Another way of preserving Catholic culture is by promoting virtue in the home. The vocation of the lay person who is working in the apostolate implies virtue. He has to have the right religious and human formation, with sound instruction in the doctrine of the Church, formed with wise and prudent guidance. If he is to face the problems of the world and threats to Catholic life, he must be well prepared to bring the treasures of the Redemption to other souls.

Saint Pius X, referring in particular to the teaching of Christian doctrine, had this to say, “No matter what natural facility a person may have in ideas and language, let him always remember that he will not be able to teach Christian doctrine to children and adults without first giving himself to very careful study and preparation.”

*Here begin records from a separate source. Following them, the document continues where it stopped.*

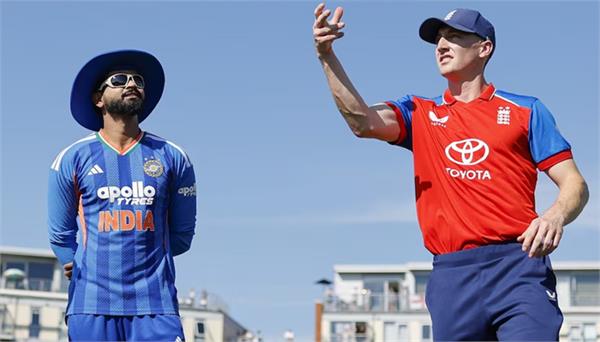 shreyas creates history in bristol t20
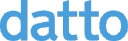 Datto Inc.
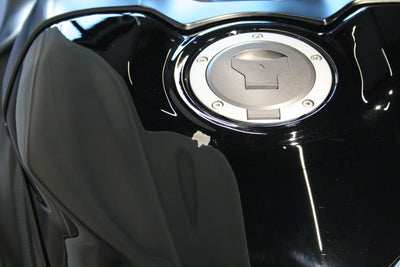 HONDA CBR 1000 RR R FIREBLADE SP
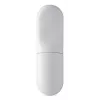 Kobo N257-AC-WH-U-PL nuotolinio valdymo pultas Bluetooth mygtukais
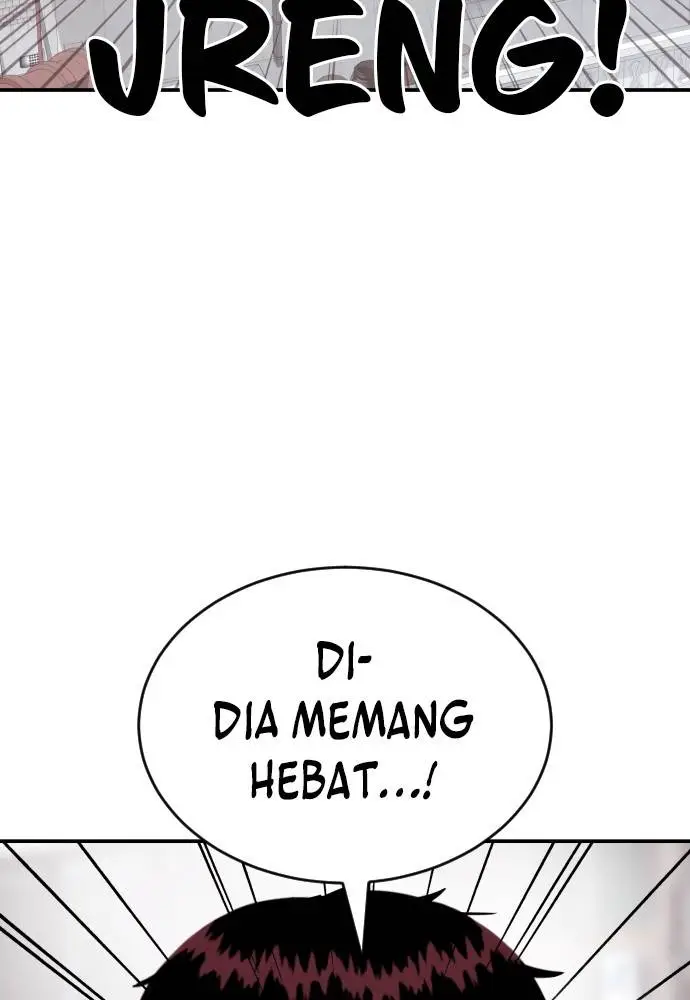 image-komik-top-1-fighting-tutoring-chapter-42-134/137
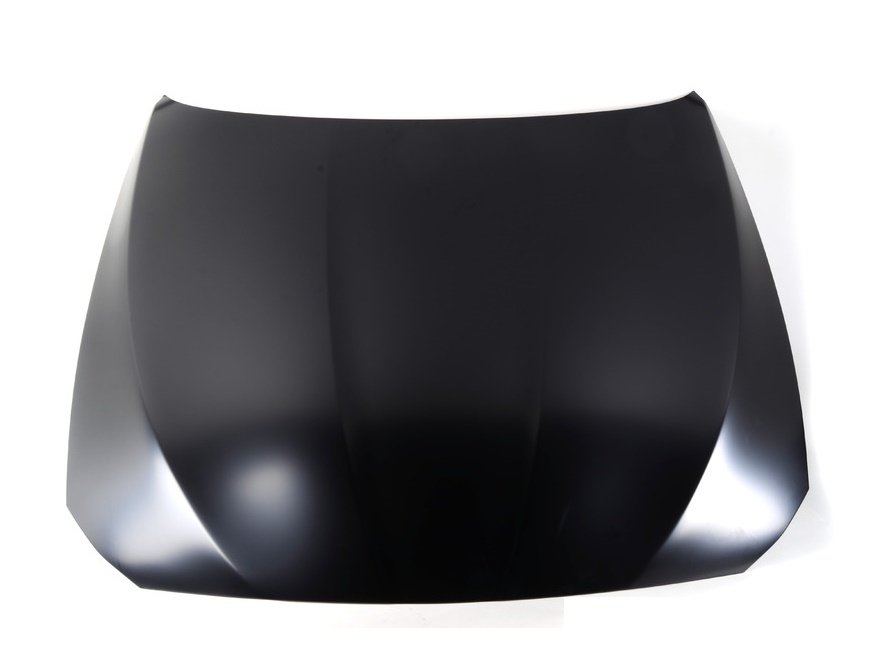 Bmw Motor Kaputu F10+Lci (Sac) 41617207194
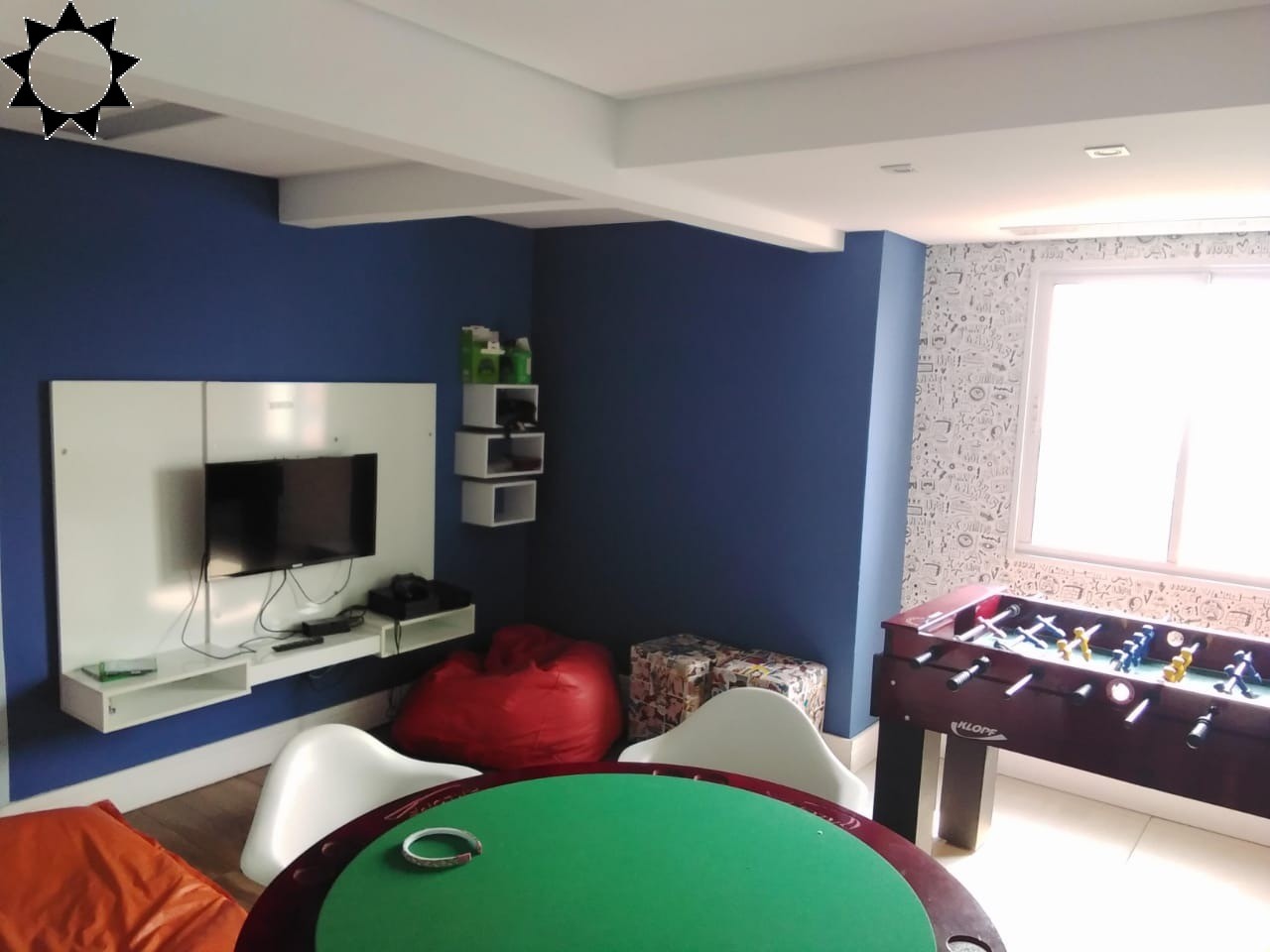 Apartamento, 2 quartos, 91 m² - Foto 30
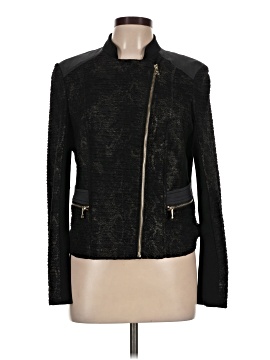 Gerry Weber Jacket (view 1)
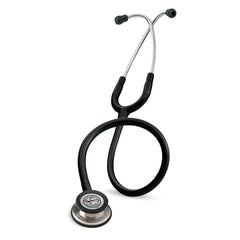 marketlab Littmann Classic III Stethoscope 1 / each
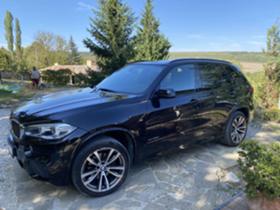 Обява за продажба на BMW X5 DRIVE 30D ~61 800 лв. - изображение 4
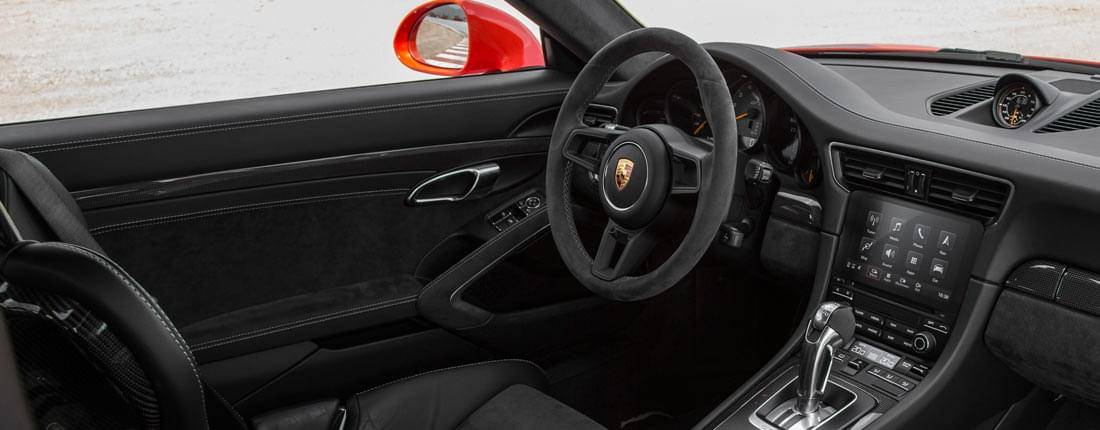 porsche-911-gt3-l-03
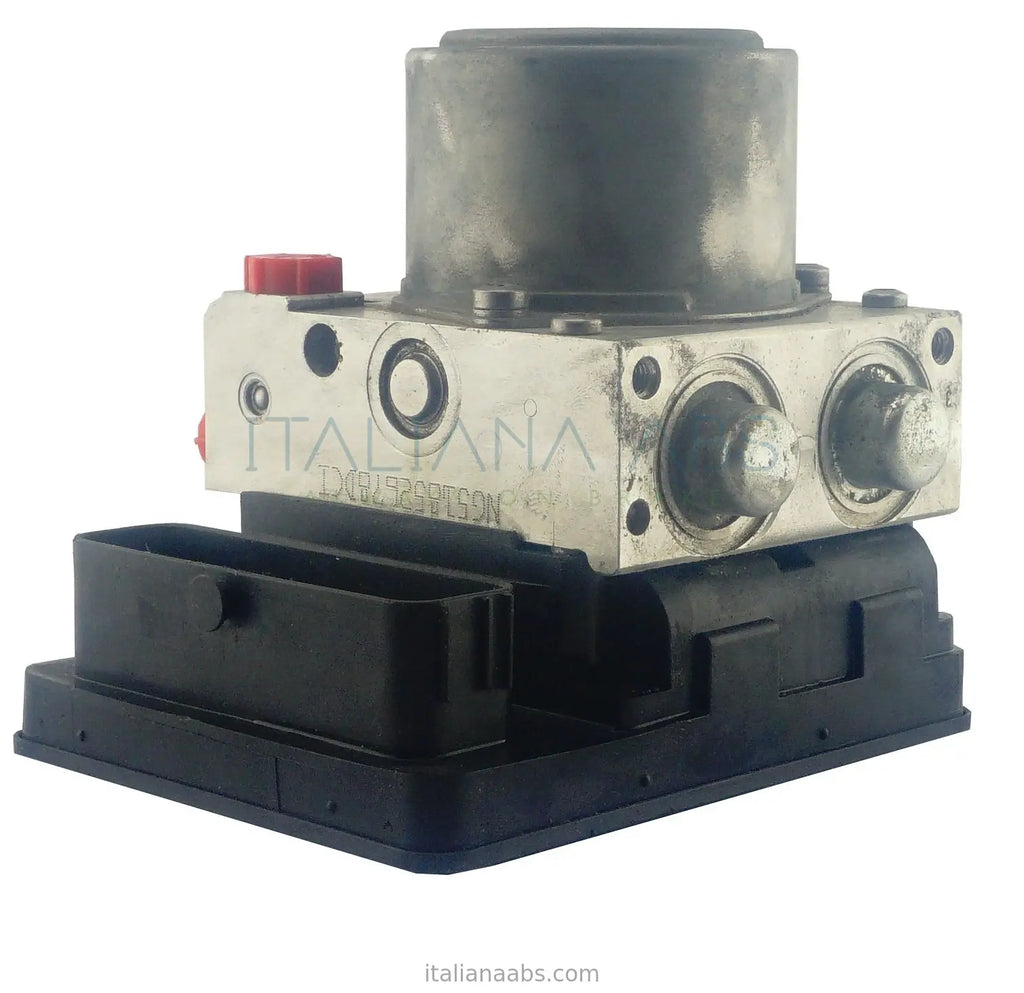 FIAT 52029707 18899622 18899718B 54086933E - foto 3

Does it not follow from this that Catholic parents, educators, and apostles must be trained, competent, and fashioned to minister to the world in the capacity of this apostolate?

Lay leaders, formed and fashioned thus, can help better preserve Catholic culture while brining within reach of their pastors a certain number of lost sheep who are wandering and ready to enter the peace and security of the fold. Certain ways are open to the laity that are closed to the clergy, and vice versa.

Finally, no matter how difficult things may become, Catholic culture must be preserved in the context of the juridical structure of the Church. In other words, Catholics must always live and breathe with the Magisterium of the Church and under the guidance of her legitimate shepherds and in full communion with the Church.

Venerable Pius XII had this to say at the canonization of Pius X: “But all these lay people must be and must stay under the authority, the leadership and the vigilance of those who have been established by divine institution as teachers within the Church of Christ. In matters pertaining to the salvation of souls, there is no teaching activity in the Church exempt from that authority and vigilance.”

The mission of the Church is to teach divine truth while Catholic culture preserves and fosters this reality. The Catholic home should inculcate in all its members a love for this religious sprit and a zeal to accomplish this great end of keeping God always in the home and of opening the door to evangelize so as to share this great blessing with others.  

The Christian Faith will ever be preserved by passing it on to others one generation at a time, in good times and bad. Therefore, have hope for Christ has overcome the world (John 16:33): “These things I have spoken to you, that in me you may have peace. In the world you shall have distress: but have confidence, I have overcome the world.”